**WORK TASK:** When you reach the line that contains "Sedán compacto turbo", begin copying exactly, and continue through the last line of the data; no pictures belong in the copy.

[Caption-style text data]
BEGIN
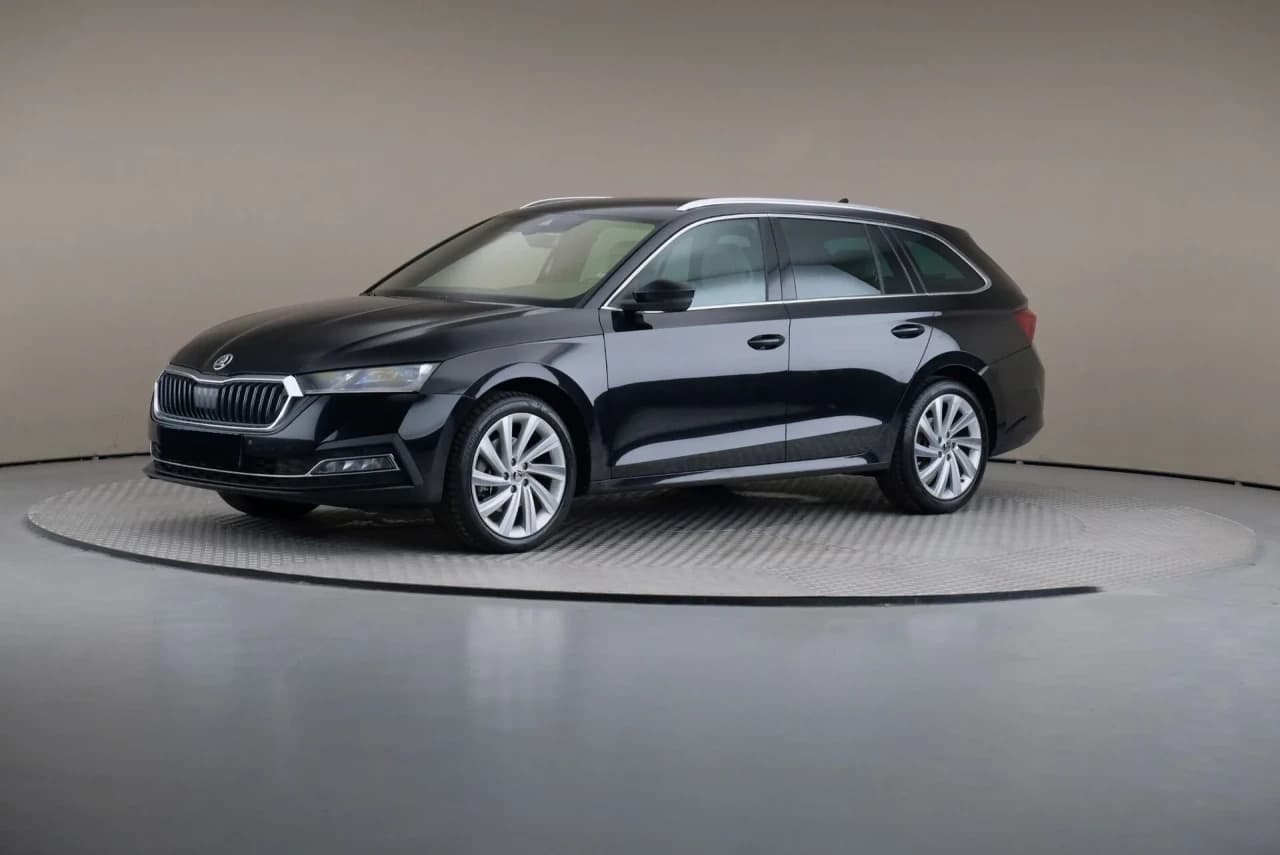 Skoda Octavia 2.0 TSI 4x4 Style DSG 2023 - używany samochód w leasingu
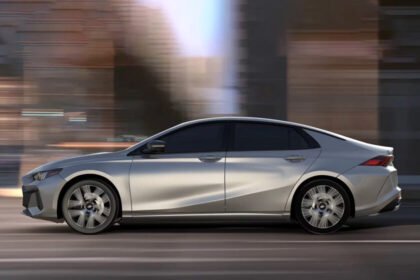 No se mencionaron marcas o modelos; reescribo sin ellos:

Sedán compacto turbo en México: escape deportivo y equipamiento completo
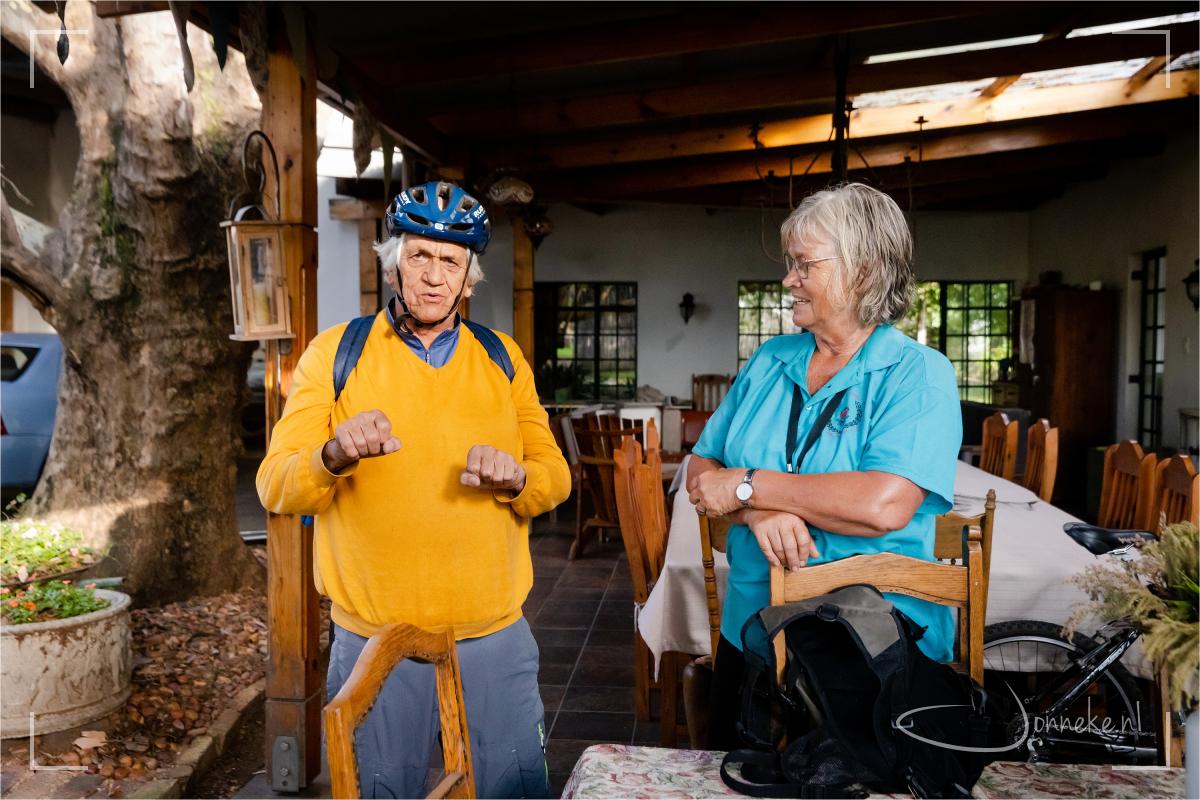 Tannie Vanda is heel sportief: wandelen, golfen, mountainbiken...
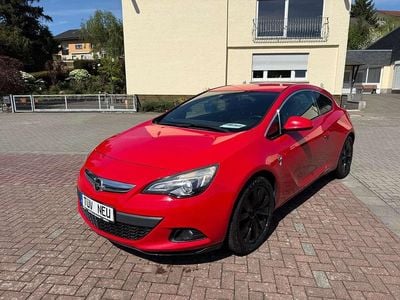 Begagnad Opel Astra GTC Edition 170 HK (125 kW) 2015 Röd Sportkupé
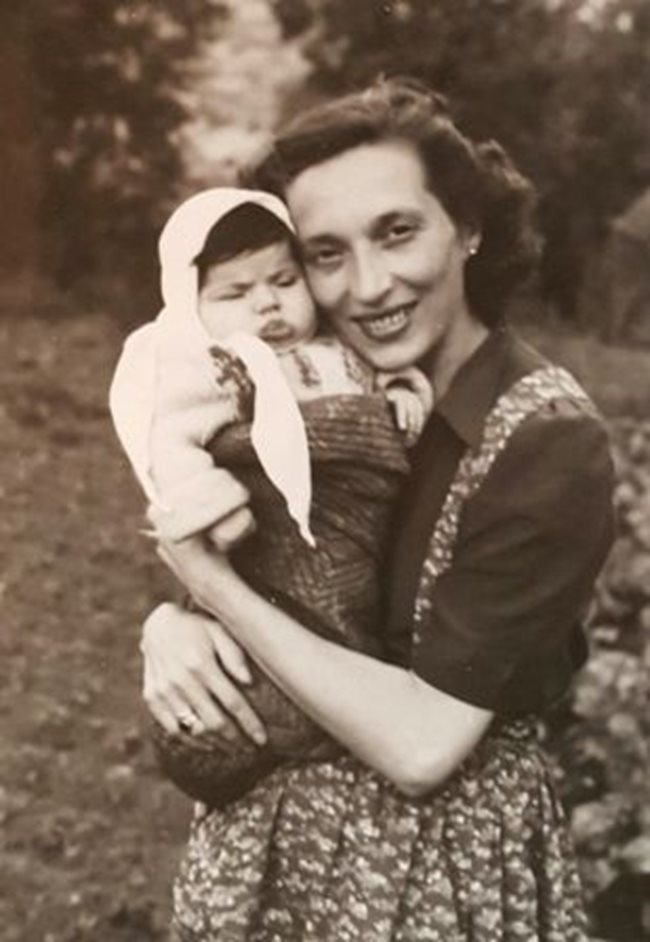 Анна Дамянова с малката Диана - дъщеря на брат й, към която се привързала още от бебе, а след това и осиновила.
END
**YOUR SOLUTION:**
Sedán compacto turbo en México: escape deportivo y equipamiento completo
 Tannie Vanda is heel sportief: wandelen, golfen, mountainbiken...
 Begagnad Opel Astra GTC Edition 170 HK (125 kW) 2015 Röd Sportkupé
 Анна Дамянова с малката Диана - дъщеря на брат й, към която се привързала още от бебе, а след това и осиновила.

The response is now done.